Jackie Robinson’s presence in the story as a heroic figure, sets the stage for what will be a coming of age story culminating in Eilis’s ultimate rejection of the expectations and norms of her small and culturally homogenous hometown and her eventual decision to integrate herself into a life where she embraces intimacy with people of different classes, races and ethnicities. Jackie Robinson lives on in the American psyche as one of the first popular icons of racial integration. He was accepted as a well-loved player of the Brooklyn Dodgers well before the Supreme Court declared school segregation illegal, at which time many African American players had already been integrated onto baseball teams (Tygiel 9).
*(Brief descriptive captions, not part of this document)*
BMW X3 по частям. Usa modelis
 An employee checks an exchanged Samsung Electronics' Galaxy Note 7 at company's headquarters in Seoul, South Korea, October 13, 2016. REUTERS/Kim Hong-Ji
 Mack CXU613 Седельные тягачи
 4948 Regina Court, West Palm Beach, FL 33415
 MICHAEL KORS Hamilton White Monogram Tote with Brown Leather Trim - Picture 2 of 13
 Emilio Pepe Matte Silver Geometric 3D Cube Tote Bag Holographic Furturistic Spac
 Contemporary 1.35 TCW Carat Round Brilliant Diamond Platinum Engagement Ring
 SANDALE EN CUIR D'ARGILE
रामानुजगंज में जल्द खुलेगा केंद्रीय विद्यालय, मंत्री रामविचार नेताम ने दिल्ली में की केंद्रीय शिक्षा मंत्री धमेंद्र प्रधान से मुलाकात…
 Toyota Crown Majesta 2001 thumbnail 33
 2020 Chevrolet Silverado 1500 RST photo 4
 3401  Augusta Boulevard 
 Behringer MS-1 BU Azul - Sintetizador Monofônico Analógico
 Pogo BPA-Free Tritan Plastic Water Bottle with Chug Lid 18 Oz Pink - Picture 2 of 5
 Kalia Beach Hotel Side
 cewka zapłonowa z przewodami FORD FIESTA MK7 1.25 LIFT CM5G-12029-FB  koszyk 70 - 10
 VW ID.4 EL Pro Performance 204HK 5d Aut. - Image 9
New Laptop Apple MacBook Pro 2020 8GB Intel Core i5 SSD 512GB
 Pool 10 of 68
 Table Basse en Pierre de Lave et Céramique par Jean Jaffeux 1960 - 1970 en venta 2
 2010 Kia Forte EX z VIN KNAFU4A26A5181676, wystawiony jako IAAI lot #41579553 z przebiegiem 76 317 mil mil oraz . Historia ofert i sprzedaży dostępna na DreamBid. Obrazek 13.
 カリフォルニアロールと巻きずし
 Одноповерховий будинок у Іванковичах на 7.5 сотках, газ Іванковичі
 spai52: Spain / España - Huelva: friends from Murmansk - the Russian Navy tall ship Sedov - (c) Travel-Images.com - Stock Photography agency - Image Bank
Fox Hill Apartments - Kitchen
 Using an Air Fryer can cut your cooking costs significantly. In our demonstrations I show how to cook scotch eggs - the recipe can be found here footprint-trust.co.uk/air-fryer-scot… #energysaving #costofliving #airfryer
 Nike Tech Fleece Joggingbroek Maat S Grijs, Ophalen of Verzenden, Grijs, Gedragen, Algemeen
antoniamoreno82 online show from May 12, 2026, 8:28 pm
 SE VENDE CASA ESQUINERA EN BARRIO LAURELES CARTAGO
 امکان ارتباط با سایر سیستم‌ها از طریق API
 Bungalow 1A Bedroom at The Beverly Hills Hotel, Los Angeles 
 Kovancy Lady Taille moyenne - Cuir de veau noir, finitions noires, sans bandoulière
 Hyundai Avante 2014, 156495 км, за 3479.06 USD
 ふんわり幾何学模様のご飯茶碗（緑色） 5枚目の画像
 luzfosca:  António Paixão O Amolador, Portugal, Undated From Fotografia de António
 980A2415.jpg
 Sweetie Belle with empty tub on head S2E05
At the end of Brooklyn, Toibin’s main character Eilis, has to face the criticism and pressure of leaving her hometown to return to New York. She is frowned upon, not just by members of her community, but also by her own mother, for making the choice to return to Tony and a life of difference. Similarly, Jackie Robinson had to face tremendous pressure and even death threats as he broke racial barriers throughout his life and career in baseball. In the end, “Robinson’s performance under unimaginable pressure was truly one of the greatest athletic triumphs, if not the greatest, in American history” (Glasser). Although at the end of Brooklyn, it isn’t totally clear what exactly Eilis will find when she returns to NY and Tony, the example of Jackie Robinson and the Brooklyn Dodgers and their hard won popularity and success gives the reader a sense of hope for Eilis’s future, even though she is turning away from what would have been an easy and comfortable life of success in her Irish hometown.

Works Cited

Glasser, Ira. “Branch Rickey and Jackie Robinson, Precursors of the Civil Rights Movement.” The World and I, March 2003.

Toibin, Colm. Brooklyn. Ireland: Scribner, 2009.

Tygiel, Jules. Baseball’s Great Experiment: Jackie Robinson and His Legacy. New York: Oxford University Press, 1983.